In the US, it is not only at elite universities where there is a clear over-representation of black immigrant children, it is also at public gifted schools and any kinds of intellectually gifted programs that are highly selective on intelligence. For example, when the New York Times did a story to show the experiences of blacks at Stuyvesant High School in New York, they had to use the personal account of a West Indian black child there (Ann-Marie Miller); if they had many native blacks, that would have certainly been their preferred subject. Furthermore, the only other student who was interviewed for that article, Opraha Miles, a former president of the black student society at Stuyvesant, also just happened to be Jamaican; no black American student was mentioned in the story. A close look at a number of other such institutions shows even more clear evidence of a tendency for black immigrants to be over-represented as selectivity requirements for an academic institution (or complexity of a subject) goes higher.
In the world of intellectually gifted schools, perhaps the most selective in the United States is a special program called the Davidson Academy started by Jan and Bob Davison in 2006 in Reno, Nevada. The tiny school boasts of selecting only the most profoundly gifted children (the highest of the five levels of giftedness) whose IQ is so high that “only one in every ten thousand children in America” can qualify to the school in any one cohort; it is more selective than Stanford or Harvard can ever be. The school makes no efforts or pretensions to affirmative action and as such, they have had very little “diversity.” However, a search through the promotional materials of the school for a black student – all schools and colleges will always show some black faces in their promotional materials if they have any – reveals that they have had at least one black student, and it was, unsurprisingly, a Nigerian Igbo name (the parent is interviewed in the ad posted on Youtube).

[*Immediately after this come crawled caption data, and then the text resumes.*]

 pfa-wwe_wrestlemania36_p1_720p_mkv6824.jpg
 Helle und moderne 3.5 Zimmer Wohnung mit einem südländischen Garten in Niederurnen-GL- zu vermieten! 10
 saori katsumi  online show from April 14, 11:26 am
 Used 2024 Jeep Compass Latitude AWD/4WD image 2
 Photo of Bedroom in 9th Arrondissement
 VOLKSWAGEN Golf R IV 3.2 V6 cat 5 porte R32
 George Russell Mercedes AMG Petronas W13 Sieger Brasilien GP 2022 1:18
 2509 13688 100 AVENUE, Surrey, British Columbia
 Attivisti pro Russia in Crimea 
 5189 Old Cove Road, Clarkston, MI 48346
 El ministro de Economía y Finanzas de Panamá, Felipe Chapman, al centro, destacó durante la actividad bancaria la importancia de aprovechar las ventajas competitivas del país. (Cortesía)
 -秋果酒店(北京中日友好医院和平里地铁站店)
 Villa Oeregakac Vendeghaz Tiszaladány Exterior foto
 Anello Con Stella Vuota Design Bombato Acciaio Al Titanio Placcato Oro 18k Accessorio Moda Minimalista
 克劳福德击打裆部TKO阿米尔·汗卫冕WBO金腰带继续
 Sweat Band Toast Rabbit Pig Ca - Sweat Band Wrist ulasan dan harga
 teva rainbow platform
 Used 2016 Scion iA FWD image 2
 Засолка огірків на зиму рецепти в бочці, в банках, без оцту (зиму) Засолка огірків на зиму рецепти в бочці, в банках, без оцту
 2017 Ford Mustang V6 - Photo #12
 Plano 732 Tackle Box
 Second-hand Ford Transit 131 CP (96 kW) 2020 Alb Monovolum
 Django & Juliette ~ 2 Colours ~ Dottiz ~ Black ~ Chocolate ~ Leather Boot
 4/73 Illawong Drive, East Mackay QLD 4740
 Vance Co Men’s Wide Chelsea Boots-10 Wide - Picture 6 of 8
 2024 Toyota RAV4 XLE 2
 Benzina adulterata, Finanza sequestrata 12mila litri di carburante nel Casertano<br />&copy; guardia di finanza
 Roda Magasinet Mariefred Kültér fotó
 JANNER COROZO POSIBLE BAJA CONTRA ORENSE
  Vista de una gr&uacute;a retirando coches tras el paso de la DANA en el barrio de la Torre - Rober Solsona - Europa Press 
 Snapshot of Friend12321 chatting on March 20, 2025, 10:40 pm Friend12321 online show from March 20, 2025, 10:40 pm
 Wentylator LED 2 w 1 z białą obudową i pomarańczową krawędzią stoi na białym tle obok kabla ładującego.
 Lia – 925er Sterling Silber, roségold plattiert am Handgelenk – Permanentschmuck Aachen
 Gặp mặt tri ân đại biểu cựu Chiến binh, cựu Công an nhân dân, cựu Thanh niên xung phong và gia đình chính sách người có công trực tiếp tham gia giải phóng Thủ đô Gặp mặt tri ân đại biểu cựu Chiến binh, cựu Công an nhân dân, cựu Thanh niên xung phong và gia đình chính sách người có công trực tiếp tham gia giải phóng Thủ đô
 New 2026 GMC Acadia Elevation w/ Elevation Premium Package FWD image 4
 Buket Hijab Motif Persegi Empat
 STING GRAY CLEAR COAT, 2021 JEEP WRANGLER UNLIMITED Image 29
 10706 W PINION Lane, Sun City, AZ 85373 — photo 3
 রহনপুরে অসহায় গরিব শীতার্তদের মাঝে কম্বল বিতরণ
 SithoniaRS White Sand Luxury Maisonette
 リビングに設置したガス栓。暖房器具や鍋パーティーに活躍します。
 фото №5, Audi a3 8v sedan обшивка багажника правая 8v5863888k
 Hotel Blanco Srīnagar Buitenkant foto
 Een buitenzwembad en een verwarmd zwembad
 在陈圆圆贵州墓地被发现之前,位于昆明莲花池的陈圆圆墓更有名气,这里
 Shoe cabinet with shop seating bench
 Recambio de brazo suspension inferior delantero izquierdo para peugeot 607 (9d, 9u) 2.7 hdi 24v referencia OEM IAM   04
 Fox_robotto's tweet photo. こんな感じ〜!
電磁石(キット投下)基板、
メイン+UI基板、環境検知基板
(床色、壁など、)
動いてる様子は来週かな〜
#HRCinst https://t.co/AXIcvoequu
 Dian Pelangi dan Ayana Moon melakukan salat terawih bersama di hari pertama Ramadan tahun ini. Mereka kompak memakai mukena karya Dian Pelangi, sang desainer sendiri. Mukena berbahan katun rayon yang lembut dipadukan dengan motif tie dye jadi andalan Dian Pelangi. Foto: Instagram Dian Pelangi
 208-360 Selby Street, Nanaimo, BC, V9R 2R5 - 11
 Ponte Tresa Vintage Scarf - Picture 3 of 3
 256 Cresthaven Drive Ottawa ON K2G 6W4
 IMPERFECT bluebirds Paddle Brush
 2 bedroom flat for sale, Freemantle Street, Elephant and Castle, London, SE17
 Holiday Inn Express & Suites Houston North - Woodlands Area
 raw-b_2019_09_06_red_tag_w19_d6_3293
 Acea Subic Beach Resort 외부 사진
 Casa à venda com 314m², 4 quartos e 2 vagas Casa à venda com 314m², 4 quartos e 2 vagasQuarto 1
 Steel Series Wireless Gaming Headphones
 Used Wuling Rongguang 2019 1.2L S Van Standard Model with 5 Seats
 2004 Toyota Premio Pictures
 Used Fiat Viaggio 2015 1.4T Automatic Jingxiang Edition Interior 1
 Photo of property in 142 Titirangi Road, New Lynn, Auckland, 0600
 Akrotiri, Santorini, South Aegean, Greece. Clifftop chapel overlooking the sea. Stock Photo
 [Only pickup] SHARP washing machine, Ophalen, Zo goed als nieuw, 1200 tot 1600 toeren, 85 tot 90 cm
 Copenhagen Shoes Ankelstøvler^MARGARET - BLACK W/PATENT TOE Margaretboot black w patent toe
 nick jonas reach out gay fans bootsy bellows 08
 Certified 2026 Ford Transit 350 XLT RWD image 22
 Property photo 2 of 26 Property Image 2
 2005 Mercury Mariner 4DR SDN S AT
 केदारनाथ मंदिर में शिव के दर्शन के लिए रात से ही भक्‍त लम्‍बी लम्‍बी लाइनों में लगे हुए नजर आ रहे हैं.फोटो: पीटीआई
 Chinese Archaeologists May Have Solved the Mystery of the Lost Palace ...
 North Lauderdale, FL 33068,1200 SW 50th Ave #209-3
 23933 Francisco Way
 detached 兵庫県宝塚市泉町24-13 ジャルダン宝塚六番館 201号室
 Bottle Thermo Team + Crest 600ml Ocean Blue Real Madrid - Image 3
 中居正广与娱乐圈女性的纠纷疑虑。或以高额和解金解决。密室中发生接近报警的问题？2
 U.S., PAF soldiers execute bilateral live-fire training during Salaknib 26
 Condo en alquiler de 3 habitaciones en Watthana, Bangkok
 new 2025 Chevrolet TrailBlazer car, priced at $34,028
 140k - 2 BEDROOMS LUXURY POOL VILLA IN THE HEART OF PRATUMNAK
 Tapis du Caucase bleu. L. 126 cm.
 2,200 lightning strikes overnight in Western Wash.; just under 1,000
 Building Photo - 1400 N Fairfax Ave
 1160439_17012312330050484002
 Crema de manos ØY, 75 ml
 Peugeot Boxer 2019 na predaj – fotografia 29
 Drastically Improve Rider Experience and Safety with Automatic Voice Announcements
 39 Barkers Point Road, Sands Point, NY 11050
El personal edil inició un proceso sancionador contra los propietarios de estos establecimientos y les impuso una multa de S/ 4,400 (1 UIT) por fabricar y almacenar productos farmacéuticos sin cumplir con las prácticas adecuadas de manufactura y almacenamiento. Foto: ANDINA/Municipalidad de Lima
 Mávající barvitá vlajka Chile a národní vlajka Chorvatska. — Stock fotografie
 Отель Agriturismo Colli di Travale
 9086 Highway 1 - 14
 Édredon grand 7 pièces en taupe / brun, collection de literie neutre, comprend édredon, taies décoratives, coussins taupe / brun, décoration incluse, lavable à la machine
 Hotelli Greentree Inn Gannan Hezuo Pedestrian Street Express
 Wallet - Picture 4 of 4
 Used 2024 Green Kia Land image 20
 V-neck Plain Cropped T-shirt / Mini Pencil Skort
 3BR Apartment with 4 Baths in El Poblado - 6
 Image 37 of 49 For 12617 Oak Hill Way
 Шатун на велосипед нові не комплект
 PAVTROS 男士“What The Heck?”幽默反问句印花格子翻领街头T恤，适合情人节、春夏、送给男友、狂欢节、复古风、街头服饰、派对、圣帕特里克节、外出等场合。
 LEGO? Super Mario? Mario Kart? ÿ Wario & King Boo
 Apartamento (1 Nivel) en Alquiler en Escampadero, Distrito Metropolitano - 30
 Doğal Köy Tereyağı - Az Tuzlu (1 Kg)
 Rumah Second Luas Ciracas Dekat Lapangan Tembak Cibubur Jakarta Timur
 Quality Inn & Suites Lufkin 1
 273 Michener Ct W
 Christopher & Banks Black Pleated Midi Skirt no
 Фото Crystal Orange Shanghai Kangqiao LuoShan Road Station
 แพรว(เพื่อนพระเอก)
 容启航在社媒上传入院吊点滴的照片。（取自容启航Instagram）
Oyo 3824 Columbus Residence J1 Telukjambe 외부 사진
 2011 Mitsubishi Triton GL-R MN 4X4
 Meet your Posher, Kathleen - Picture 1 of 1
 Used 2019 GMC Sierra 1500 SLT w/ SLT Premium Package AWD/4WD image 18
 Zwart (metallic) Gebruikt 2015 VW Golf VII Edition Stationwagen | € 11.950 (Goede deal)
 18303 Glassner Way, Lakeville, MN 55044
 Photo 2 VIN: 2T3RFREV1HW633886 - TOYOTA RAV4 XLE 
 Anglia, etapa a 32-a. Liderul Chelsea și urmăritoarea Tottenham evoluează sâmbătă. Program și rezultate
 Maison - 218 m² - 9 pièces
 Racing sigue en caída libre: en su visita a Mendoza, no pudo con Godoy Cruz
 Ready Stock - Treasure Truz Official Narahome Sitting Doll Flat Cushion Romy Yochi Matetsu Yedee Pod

At the tertiary level, a special program to promote African American academic pursuit of Science and Engineering called the Meyerhoff Scholars program was started by philanthropists Robert and Jane Meyerhoff at the University of Maryland, Baltimore County (UMBC). The program has attracted funding from a lot of companies by gaining a reputation for achieving something totally unexpected in American society: black students who take a deeply passionate interest in engineering and science majors and even proceed to advanced studies at elite universities. According to a book co-written by the Meyerhoff program’s leader, UMBC president Freeman Hrabowski III, they believe they have succeeded against all odds by having “strong academic advising and personal counseling, emphasis on group study and peer support, appropriate tutoring and mentoring, [and] involvement with faculty in research and access to role models in science.”
The program has been so successful that educators in other states and universities have been seeking to replicate its success by imitating its key principles and management practices. However, a closer look at the program reveals that their key to success is much simpler than it appears: they simply fill up their program with Caribbean and African blacks! For example, listening to the names of the graduating class of 2008 posted on youtube, this author could identify about half of the blacks in this class who were clearly of African (immigrant) descent.